Today's trading reaffirmed the $1260 support level on SPX that proved so difficult to break through as resistance in December. The other significant change in this first week of trading in 2011 was the relationship of trading in RUT vs. SPX. RUT outperformed SPX consistently throughout 2010, but has lagged SPX several days this week. Take today as just one example. SPX dropped 0.9% from the open to its low around noon today and closed down $2 or less than 0.2%. But RUT dropped 1.9% from the open to its low and closed down $4 or about 0.5%. The SPX/RUT relationship has reversed. Is this a leading indicator of a turn downward as traders seek the larger blue chips for safety? I don't know.

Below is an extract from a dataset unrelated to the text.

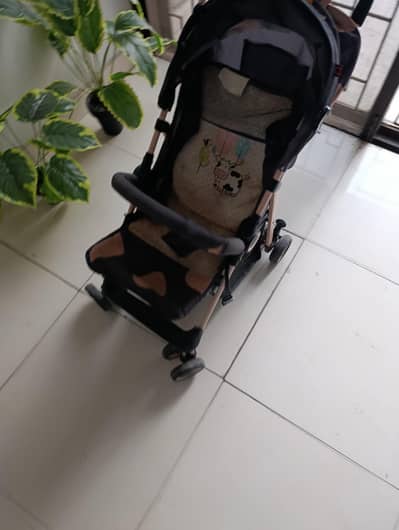 Baby pram / baby stroller / kids pram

But it does suggest that trading delta neutral strategies on RUT may not be as difficult in 2011 as it was last year.
I removed the hedges on my Jan SPX iron condor this morning; at the close, this position was underwater by $1439 with a position delta = -$73 and position theta = +$245. Time decay is really starting to accelerate as we enter the last two weeks of this position's life. But the $1300 calls are still uncomfortably close to the index price (their delta = 17). However, SPX has traded upward over $76 since we established the Jan condor. So we are doing well to still be in the trade with a potential gain of over $2000 remaining. By contrast, the Feb RUT iron condor is very nicely positioned and stands at a P/L of +$540 with delta = -$28 and theta = +$90. The short $860 call stands at delta = 8 while the short $690 put stands at a delta of 9.
The first week of trading in 2011 is now over and what do we know? It appears we remain caught in a stalemate between the bulls and the bears. So far, neither camp has been able to control the game.